0

I am a regex/powershell beginner and struggling to get this working. I am working with some HTML data and I need to be able to extract the string between given characters. In the below case, I need to extract the string (if it matches my search string) which is found between the characters > and <. I have provided multple examples here and I hope I made my question clear.

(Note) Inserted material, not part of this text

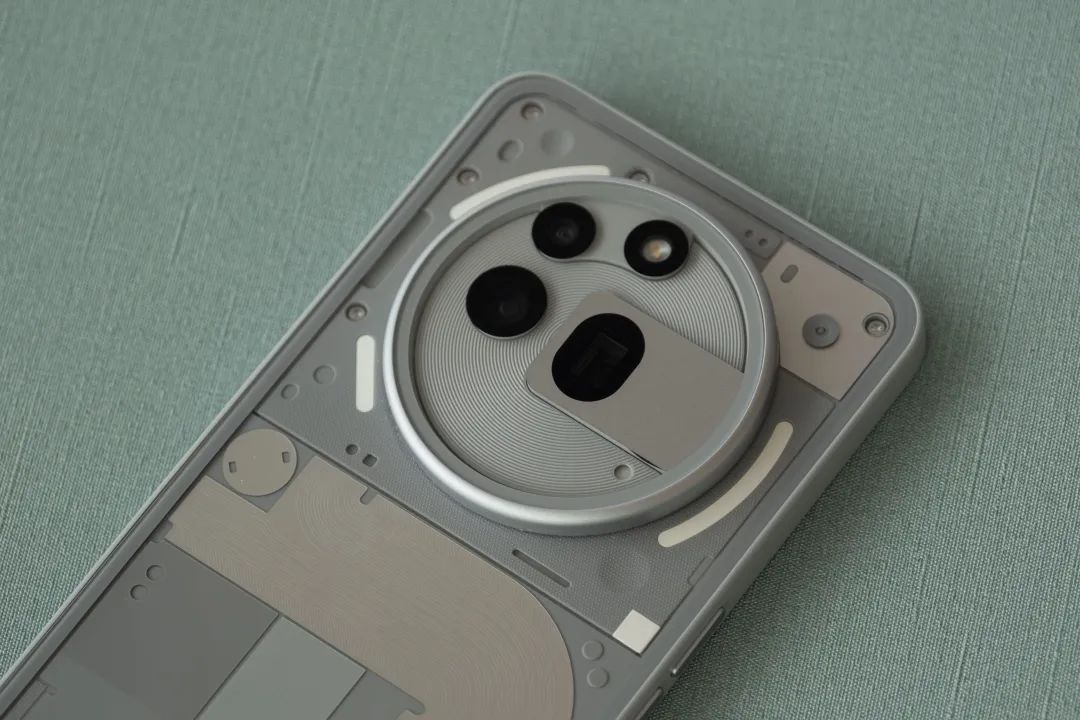 「左轮手枪」形相机模组设计｜ 图片来源：极客公园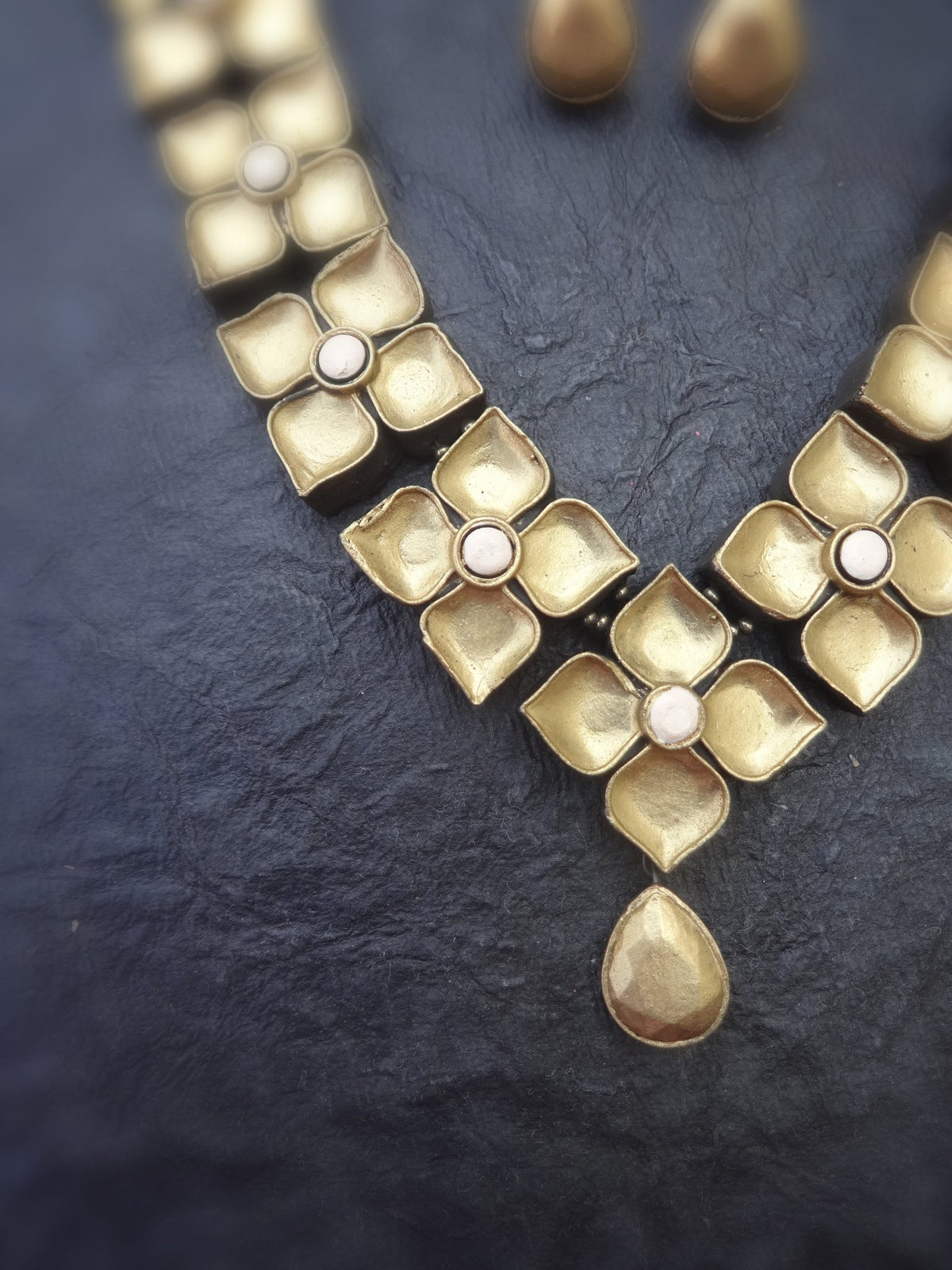 Kamala White & Gold Terracotta Necklace Set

Any help is greatly appreciated.

For example -

$string1 = '<P><STRONG><SPAN style="COLOR: rgb(255,0,0)">ILOM 2.6.1.6.a <BR>BIOS vers. 0CDAN860 <BR>LSI MPT SAS firmware MPT BIOS 1.6.00</SPAN></STRONG></P></DIV></TD>'

$string2 = '<P><A id=T5220 name=T5220></A><A href="http://mywebserver/index.html">Enterprise T5120 Server</A> <BR><A href="http://mywebserver/index.html">Enterprise T5220 Server</A></P></DIV></TD>'


$searchstring = "ILOM"
$regex = ".+>(.*$searchstring.+)<" # Tried this
$string1 -match $regex
$matches[x] = ILOM 2.6.1.6.a  # expected result    

Similarly -

$searchstring = "BIOS"
$regex = ".+>(.*$searchstring.+)<" # Tried this
$string1 -match $regex
$matches[x] = BIOS vers. 0CDAN860  # expected result

$searchstring = "T5120"
$regex = ".+>(.*$searchstring.+)<" # Tried this
$string2 -match $regex
$matches[x] = Enterprise T5120 Server   # expected result

$searchstring = "T5220"
$regex = ".+>(.*$searchstring.+)<" # Tried this
$string2 -match $regex
$matches[x] = Enterprise T5220 Server  # expected result
gbabu
  • 1,088
  • 11
  • 15

1 Answers1

1

You need to add the lazy ? operator(? qualifier?) on the "wildcard" after your searchstring to make it stop at the first occurence of <.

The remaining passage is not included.